The people of “Tangut” tribe arrived on the scene in seventh century. The Tanguts (Xia) were a people of Tibetan origin, whose home originally was in the highlands of western Sichuan (adjecent to Tibet) and had moved to Mongolia by then. By the middle of the ninth century, they had become important allies of the Tang Dynasty and in 1006, taking advantage of the political rivalry between the Liao dynasty ruling in the north and the Song dynasty in south, managed to gain de facto independence. They established their capital in Xingzhou (Old district of today's Yinchuan) across yellow river in 1020 and were able to assert their control over Hexi corridor. The Tangut empire is known as the Western Xia dynasty (Xi Xia) and controlled the areas in what are now the northwestern Chinese provinces of Gansu, Shaanxi, and Ningxia from 1038 CE up to 1227 CE. So powerful were the Tanguts, that they proclaimed their equality with the Song emperor and by 1040s, the Song empire were sending the Tanguts a huge annual tribute of silk, silver and tea. Tanguts controlled the Hexi Corridor for 191 years.

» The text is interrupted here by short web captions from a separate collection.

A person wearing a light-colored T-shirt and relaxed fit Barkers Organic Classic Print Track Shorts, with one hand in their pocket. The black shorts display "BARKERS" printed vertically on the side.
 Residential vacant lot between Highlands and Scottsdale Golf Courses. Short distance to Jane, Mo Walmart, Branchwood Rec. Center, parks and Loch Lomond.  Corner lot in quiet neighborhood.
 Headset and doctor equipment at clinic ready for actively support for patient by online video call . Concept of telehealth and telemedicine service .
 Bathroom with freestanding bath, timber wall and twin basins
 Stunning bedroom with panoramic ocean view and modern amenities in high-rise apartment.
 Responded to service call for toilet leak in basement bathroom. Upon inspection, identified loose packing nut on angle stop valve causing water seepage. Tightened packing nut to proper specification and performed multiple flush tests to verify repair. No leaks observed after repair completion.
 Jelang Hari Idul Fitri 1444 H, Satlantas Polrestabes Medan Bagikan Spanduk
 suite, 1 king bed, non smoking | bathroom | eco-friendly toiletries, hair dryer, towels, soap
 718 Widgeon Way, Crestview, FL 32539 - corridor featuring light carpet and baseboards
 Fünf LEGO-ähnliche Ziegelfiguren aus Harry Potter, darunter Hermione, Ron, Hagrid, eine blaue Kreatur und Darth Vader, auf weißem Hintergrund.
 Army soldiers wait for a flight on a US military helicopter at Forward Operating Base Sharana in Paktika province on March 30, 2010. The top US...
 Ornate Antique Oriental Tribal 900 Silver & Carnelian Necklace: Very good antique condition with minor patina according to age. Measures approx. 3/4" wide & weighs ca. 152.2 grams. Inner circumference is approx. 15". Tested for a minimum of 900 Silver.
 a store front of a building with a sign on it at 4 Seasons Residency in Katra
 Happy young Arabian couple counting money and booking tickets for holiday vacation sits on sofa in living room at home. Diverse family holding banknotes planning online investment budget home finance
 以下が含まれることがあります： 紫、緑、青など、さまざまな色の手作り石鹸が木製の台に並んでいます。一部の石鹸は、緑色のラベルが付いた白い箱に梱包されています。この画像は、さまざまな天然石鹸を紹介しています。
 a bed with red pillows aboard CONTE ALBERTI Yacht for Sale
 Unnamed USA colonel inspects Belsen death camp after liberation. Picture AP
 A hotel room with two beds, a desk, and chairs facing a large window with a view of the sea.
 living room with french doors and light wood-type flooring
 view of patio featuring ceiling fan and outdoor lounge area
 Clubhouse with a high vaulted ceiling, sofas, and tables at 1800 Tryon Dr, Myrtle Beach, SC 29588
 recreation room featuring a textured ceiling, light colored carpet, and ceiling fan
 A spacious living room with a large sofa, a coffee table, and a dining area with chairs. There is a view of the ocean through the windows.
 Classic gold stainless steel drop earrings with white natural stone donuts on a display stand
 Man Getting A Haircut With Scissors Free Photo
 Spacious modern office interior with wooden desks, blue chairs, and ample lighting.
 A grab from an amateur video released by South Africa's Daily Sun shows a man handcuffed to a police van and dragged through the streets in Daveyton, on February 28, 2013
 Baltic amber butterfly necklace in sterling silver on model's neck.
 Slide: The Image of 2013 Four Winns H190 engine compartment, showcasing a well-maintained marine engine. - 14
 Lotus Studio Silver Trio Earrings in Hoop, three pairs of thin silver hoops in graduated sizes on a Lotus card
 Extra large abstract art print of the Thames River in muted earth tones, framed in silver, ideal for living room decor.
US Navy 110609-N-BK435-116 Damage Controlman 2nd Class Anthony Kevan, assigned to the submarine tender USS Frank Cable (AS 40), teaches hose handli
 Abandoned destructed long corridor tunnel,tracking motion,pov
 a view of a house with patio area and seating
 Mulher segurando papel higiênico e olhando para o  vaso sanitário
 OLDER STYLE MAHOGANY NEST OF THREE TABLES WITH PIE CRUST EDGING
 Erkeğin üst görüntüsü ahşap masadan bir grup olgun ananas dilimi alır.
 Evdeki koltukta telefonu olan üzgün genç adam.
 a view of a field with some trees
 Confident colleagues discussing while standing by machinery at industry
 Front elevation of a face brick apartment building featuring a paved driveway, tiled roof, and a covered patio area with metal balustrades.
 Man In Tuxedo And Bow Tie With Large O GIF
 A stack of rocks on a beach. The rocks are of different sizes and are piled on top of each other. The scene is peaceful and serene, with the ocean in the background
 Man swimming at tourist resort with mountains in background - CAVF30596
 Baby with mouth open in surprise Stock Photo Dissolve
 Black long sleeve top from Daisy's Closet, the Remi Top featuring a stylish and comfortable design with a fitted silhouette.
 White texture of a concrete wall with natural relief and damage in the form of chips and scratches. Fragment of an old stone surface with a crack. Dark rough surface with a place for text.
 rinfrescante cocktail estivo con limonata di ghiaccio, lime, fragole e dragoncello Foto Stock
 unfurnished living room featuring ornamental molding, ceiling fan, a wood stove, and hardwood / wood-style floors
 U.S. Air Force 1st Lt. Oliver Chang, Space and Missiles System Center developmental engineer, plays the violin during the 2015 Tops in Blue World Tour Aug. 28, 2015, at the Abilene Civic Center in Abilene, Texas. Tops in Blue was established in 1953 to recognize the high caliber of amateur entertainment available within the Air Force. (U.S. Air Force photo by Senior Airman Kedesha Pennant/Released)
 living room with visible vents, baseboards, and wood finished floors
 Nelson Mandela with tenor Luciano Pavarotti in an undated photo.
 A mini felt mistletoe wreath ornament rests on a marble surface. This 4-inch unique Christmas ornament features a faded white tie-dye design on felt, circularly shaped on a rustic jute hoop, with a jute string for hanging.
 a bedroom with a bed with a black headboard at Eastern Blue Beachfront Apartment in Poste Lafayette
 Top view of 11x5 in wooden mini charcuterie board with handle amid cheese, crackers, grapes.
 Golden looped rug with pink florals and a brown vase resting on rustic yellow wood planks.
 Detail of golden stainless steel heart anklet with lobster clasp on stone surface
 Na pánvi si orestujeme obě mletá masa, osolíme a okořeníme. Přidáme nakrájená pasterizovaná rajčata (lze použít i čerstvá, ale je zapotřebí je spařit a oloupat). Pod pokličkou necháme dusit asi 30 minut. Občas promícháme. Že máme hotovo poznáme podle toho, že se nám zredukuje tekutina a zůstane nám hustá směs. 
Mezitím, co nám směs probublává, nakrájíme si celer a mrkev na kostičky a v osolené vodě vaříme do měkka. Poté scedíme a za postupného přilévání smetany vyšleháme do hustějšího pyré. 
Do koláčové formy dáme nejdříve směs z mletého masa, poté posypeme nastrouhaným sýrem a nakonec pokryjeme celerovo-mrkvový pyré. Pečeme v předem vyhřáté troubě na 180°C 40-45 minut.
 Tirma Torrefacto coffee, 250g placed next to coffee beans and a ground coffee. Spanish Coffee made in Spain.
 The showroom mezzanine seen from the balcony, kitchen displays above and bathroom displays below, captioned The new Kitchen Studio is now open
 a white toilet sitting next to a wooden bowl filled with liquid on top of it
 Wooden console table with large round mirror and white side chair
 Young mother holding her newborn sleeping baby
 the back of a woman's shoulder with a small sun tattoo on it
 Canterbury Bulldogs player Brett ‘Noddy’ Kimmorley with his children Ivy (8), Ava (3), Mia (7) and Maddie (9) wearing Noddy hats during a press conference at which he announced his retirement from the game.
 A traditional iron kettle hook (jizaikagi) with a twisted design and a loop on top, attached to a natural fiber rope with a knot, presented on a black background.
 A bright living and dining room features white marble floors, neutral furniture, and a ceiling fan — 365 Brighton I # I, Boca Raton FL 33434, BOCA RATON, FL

I have indulged into this bit of this Chinese history, just to emphasize the power “Tangut” dynasty held over the desert area on the China-Mongolia border at one point in time. What makes the “Tangut” rule in China-Mongolia border areas interesting is that they were not Chinese, but people of Tibetan origin. Tanguts were short, stocky, dark-skinned with ruddy (reddish) complexion and thick-lipped. They had black hair and wore their hair in the Tufa style, shaved bald except for a long fringe of bangs that framed the face. They followed Tibetan Tantric Buddhism as their religion and had their own Tangut language, which was similar to Tibetan and Burmese and script, which has not been completely deciphered even today. They had even presided over a major project to translate Buddhist scriptures and have them published in the Tangut language. It is no wonder therefore that their paintings and manuscripts show clear Indian influence because of this Tibetan link.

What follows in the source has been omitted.